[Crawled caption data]
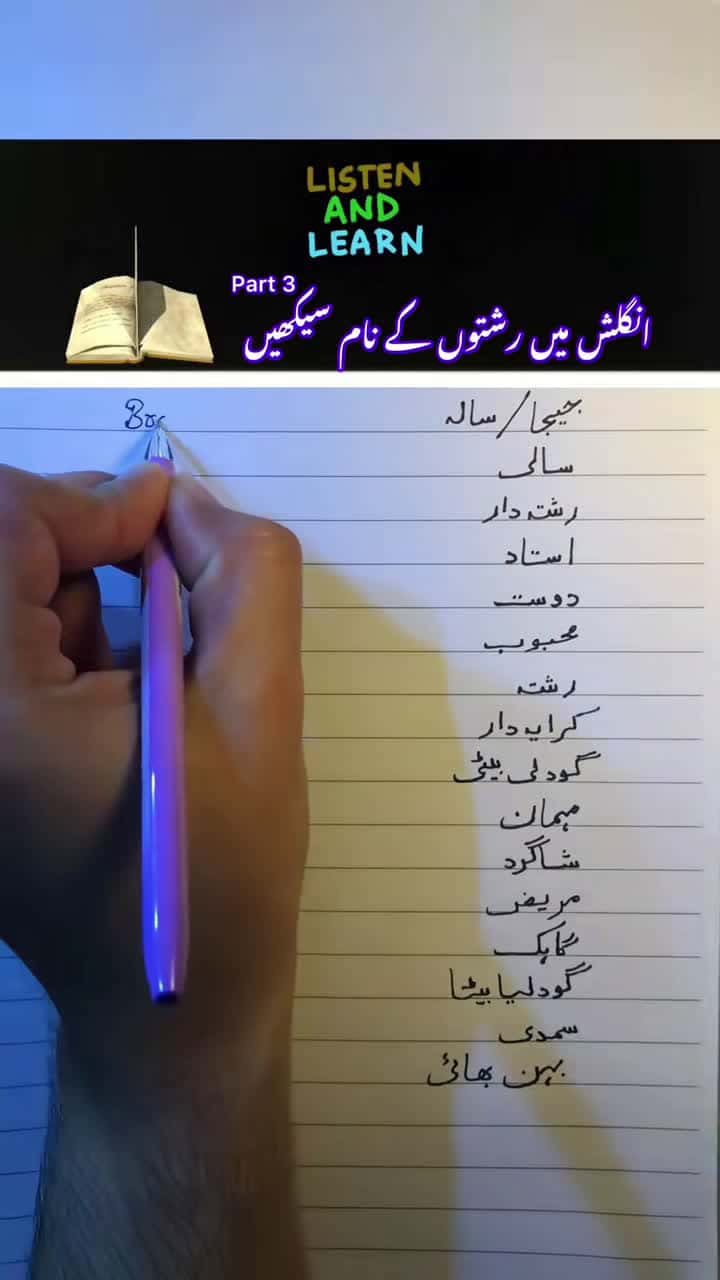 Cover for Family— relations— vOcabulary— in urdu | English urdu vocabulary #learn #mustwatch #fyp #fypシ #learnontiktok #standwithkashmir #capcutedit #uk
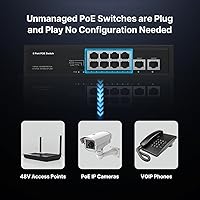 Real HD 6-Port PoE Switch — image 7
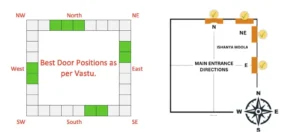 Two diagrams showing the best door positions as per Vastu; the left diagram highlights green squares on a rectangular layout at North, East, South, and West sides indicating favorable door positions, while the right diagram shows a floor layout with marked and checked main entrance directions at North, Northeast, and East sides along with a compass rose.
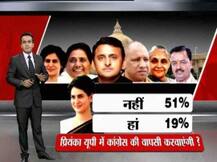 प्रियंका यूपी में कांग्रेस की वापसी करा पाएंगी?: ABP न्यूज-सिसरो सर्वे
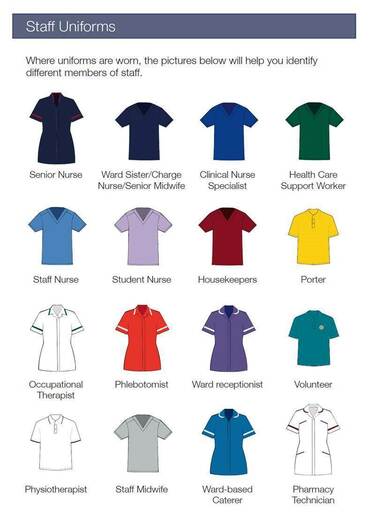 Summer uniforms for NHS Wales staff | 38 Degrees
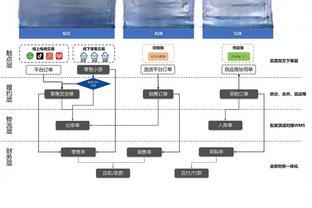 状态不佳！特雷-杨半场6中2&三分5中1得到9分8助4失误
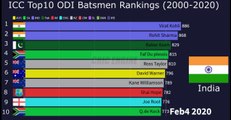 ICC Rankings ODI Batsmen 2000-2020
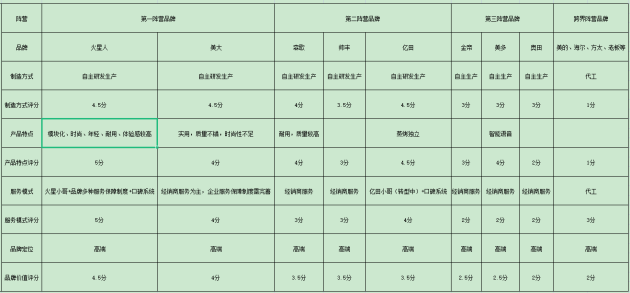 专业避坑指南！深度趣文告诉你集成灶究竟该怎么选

#### [INSTRUCTIONS TO FOLLOW]
What is needed is an exact repeat of the lines from the one containing "ICC Rankings ODI Batsmen 2000-2020" through the last line of the records above, both included, with pictures left out.

#### [OUTPUT FOR THIS EXERCISE]
 ICC Rankings ODI Batsmen 2000-2020
 专业避坑指南！深度趣文告诉你集成灶究竟该怎么选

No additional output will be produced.